Human Cost of Indian Agenda

The recent tension between Bangladesh and India over the later’s repeated attempts to push several hundred people with disputed citizenship into Bangladesh territory is fast escalating, embittering bilateral relations. Besides, the Indian attitude might contribute to further polarization of people on both sides of the border along communal lines, which will be bad news for those committed to the liberal democratic process. It all began with India BJP-led government especially its extremely fundamentalist Deputy Prime Minister L.K. Advani, claiming on January 7 that “Bangladeshi immigrants, estimated to be over 20 million, posed the biggest threat to national security”. Mr. Advani, who had played a pivotal role in Babri Mosque demolition, said:

“Immediate steps should be taken to identify them (the immigrants), locate them and throw them out. The problem needs to be tackled firmly by all states.” Bangladesh rejected his claim as “absurd”.

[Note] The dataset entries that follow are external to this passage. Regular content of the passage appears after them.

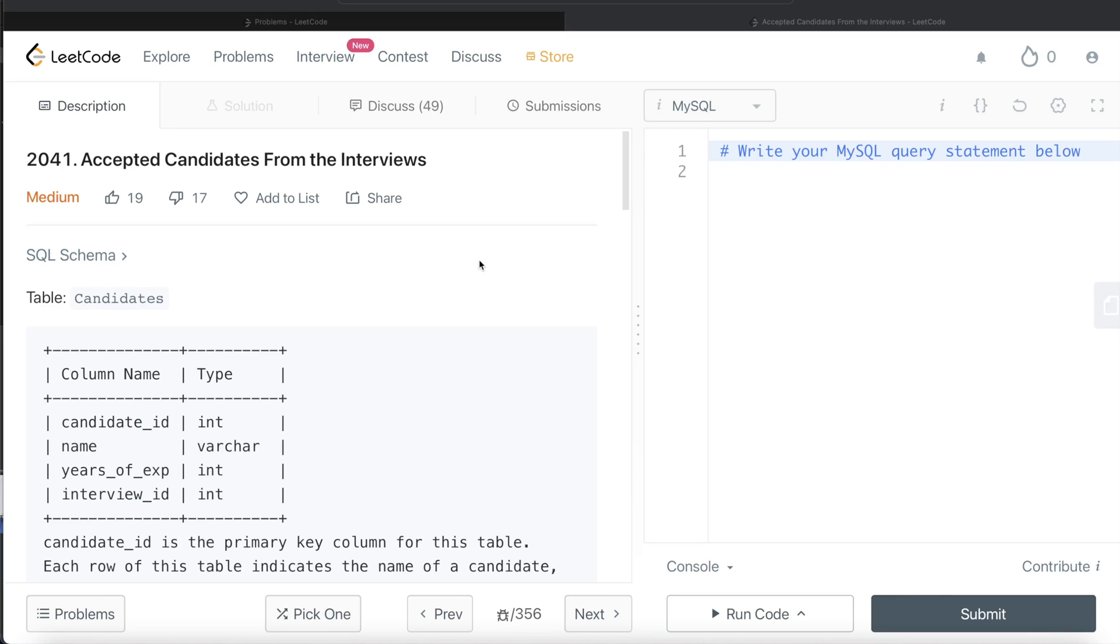Hey guys, welcome back to the channel. This channel, Everyday Data Science, is all about learning the different concepts involved in data science by practicing a lot of questions.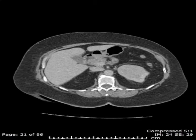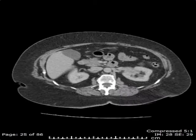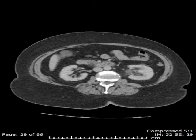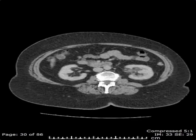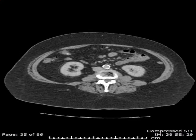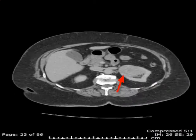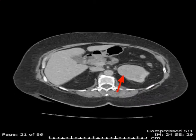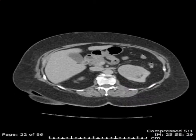As you scroll inferiorly, we can see that there is an exophytic, predominantly solid mass arising from the upper pole of the left kidney, compatible with a renal cell neoplasm.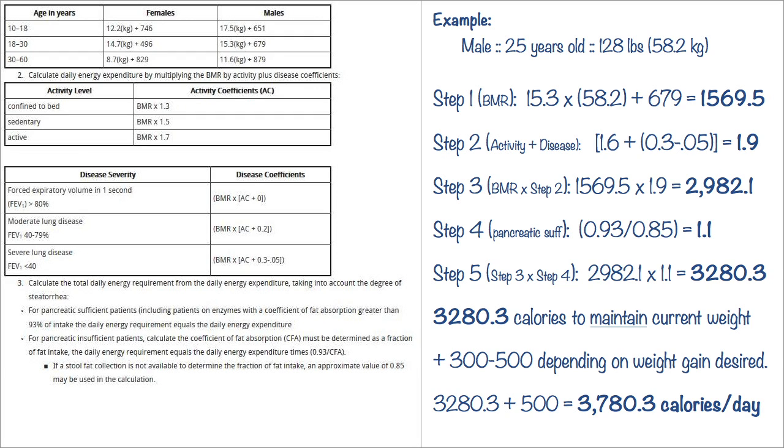To go over this one, I started out with the same 25 year old male at 128 pounds, which is also 58.2 kilograms, 40% lung function FEV1. Keep in mind the 128 pounds is what I divided by 2.2, which equals 58.2 kilograms. So in step one you're going to find your BMR, which is basal metabolic rate. It says to start out at 15.3 for 18 to 30 years, for 25 years old and a male you start out at 15.3, and you multiply it by your kilograms, which is 58.2 in our case, and then you add 679. Now that gives you 1,569.5.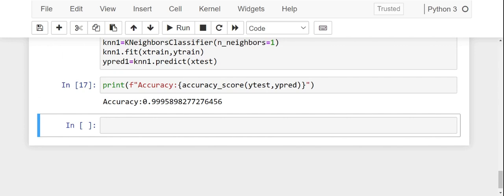Here we have changed the number of neighbors and tuned our hyperparameter so that the accuracy improves. I hope the idea of hyperparameter tuning and why exactly we perform hyperparameter tuning is clear for one and all. Thanks.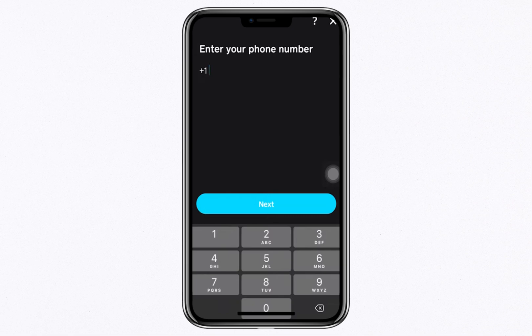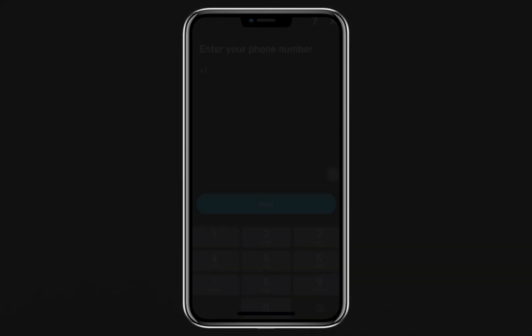Once you've entered this information and your account is successfully verified, you'll unlock the ability to buy, deposit, and withdraw Bitcoin seamlessly. Cash App will notify you once the verification is complete and you're good to go. And that's it for this guide.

Meanwhile, Acharya Giriraj Kishore, senior vice-president of the Vishwa Hindu Parishad (VHP), which is a close ally of the BJP, announced in Guwahati on Jan 30, that they “would conduct a headcount of Bangladeshis staying illegally in India in March this year to “find out the exact number of Bangladeshi infiltrators and then set a timeframe for the federal government to deport them”. Claiming that the headcount would take two weeks, the Acharya warned of a “public revolt” if the government failed to deport the Bangladeshis within his prescribed timeframe.

But much before the beginning of Advani’s identification process of the so-called illegal Bangladeshi immigrants or the Acharya’s headcount drive, India’s Border Security Force (BSF) gathered several hundred Bangla-speaking destitute from different parts of India, largely on Bangladesh’s northern frontier, and tried to force them into Bangladesh territory. The only proof India is putting forward is that the people in question are Muslims and speak Bengali, conveniently forgetting that Indian national of West Bengal also speak Bengali, and that there are still supposed to be Muslims in India.

The BSF has so far made at least 46 attempts to push a few hundred people into Bangladesh. The border security guards of Bangladesh, BDR, on the other hand, have reportedly been foiling the attempts amidst what Indian Defence Minister George Fernandes has described as a beefing up of Indian troops near the Bangladesh border. Bangladesh has repeatedly expressed “deep concern” over the Indian attempts to force out “several hundred Bangla-speaking Indian Muslims” and had refused to allow “any of these people to enter”.

Caught in this severe predicament, the hundreds of poor men, women and children – Hindu or Muslim, Indian or Bangladeshi – are living a miserable life under the open sky. Reports have it that at least one person has already died of starvation, while some of them are suffering from bullet injuries sustained in crossfire between the border guards of the two sides.

Mr George Fernandes reportedly told Indian reporters on February 5 that “additional BSF personnel had been deployed” in the border areas, saying “things have unfortunately gone beyond control.” But Indian Foreign Minister Yashwant Sinha does not believe that things have already gone out of control and said his country “does not want the situation to blow up, to get out of hand.”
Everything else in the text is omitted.